* [TASK REQUIREMENTS]:
Repeat only the lines below from the one containing "Rentgenska snimka podlaktice, ilustracija" through the one containing "Akupunktur - Physio Mindl", inclusive, exactly as written.

* [SUPPLIED MATERIAL]:
══════

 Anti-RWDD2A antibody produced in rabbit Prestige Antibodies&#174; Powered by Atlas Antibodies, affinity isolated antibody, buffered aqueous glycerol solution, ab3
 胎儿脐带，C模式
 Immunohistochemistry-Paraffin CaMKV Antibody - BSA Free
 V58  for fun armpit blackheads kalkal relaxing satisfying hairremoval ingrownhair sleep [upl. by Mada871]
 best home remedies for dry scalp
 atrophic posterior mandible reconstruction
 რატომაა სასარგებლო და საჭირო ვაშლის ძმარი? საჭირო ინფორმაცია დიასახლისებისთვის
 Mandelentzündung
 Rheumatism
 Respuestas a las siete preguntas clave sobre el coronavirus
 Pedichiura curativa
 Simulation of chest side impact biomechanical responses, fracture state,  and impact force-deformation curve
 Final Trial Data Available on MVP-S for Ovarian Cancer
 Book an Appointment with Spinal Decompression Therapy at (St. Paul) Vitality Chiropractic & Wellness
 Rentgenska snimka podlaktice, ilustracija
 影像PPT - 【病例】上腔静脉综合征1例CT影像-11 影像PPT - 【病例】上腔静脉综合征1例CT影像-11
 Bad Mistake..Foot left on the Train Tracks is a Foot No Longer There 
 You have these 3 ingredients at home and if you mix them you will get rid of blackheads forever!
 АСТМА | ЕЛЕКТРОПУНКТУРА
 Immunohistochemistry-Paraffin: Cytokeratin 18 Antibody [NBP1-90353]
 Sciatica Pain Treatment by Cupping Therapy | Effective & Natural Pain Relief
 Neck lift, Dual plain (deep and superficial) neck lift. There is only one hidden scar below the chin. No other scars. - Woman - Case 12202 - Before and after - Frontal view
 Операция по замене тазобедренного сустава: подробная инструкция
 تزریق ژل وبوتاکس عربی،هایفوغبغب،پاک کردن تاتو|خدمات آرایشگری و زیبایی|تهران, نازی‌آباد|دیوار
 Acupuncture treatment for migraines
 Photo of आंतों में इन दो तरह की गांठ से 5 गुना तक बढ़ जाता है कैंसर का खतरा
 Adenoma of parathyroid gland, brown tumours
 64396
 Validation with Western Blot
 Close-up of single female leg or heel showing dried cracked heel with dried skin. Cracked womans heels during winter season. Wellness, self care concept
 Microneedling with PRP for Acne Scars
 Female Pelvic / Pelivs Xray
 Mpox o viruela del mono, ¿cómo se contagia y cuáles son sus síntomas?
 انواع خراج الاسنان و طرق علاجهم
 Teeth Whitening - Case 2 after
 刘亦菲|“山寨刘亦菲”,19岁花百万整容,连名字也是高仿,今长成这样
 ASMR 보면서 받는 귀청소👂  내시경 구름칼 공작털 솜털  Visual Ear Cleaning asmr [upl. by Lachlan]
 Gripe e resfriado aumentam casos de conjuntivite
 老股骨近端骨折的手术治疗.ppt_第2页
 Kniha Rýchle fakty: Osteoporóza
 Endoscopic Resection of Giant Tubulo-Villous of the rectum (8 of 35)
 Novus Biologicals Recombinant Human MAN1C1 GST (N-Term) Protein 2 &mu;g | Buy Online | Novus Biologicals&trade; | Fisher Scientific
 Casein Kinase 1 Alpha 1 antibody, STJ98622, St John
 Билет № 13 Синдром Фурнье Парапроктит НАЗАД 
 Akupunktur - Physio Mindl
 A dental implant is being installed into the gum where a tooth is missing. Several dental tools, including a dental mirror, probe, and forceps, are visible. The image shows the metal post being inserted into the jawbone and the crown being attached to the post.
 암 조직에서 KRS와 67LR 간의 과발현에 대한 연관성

══════

* [OUTPUT FOR THIS EXERCISE]:
 Rentgenska snimka podlaktice, ilustracija
 影像PPT - 【病例】上腔静脉综合征1例CT影像-11 影像PPT - 【病例】上腔静脉综合征1例CT影像-11
 Bad Mistake..Foot left on the Train Tracks is a Foot No Longer There 
 You have these 3 ingredients at home and if you mix them you will get rid of blackheads forever!
 АСТМА | ЕЛЕКТРОПУНКТУРА
 Immunohistochemistry-Paraffin: Cytokeratin 18 Antibody [NBP1-90353]
 Sciatica Pain Treatment by Cupping Therapy | Effective & Natural Pain Relief
 Neck lift, Dual plain (deep and superficial) neck lift. There is only one hidden scar below the chin. No other scars. - Woman - Case 12202 - Before and after - Frontal view
 Операция по замене тазобедренного сустава: подробная инструкция
 تزریق ژل وبوتاکس عربی،هایفوغبغب،پاک کردن تاتو|خدمات آرایشگری و زیبایی|تهران, نازی‌آباد|دیوار
 Acupuncture treatment for migraines
 Photo of आंतों में इन दो तरह की गांठ से 5 गुना तक बढ़ जाता है कैंसर का खतरा
 Adenoma of parathyroid gland, brown tumours
 64396
 Validation with Western Blot
 Close-up of single female leg or heel showing dried cracked heel with dried skin. Cracked womans heels during winter season. Wellness, self care concept
 Microneedling with PRP for Acne Scars
 Female Pelvic / Pelivs Xray
 Mpox o viruela del mono, ¿cómo se contagia y cuáles son sus síntomas?
 انواع خراج الاسنان و طرق علاجهم
 Teeth Whitening - Case 2 after
 刘亦菲|“山寨刘亦菲”,19岁花百万整容,连名字也是高仿,今长成这样
 ASMR 보면서 받는 귀청소👂  내시경 구름칼 공작털 솜털  Visual Ear Cleaning asmr [upl. by Lachlan]
 Gripe e resfriado aumentam casos de conjuntivite
 老股骨近端骨折的手术治疗.ppt_第2页
 Kniha Rýchle fakty: Osteoporóza
 Endoscopic Resection of Giant Tubulo-Villous of the rectum (8 of 35)
 Novus Biologicals Recombinant Human MAN1C1 GST (N-Term) Protein 2 &mu;g | Buy Online | Novus Biologicals&trade; | Fisher Scientific
 Casein Kinase 1 Alpha 1 antibody, STJ98622, St John
 Билет № 13 Синдром Фурнье Парапроктит НАЗАД 
 Akupunktur - Physio Mindl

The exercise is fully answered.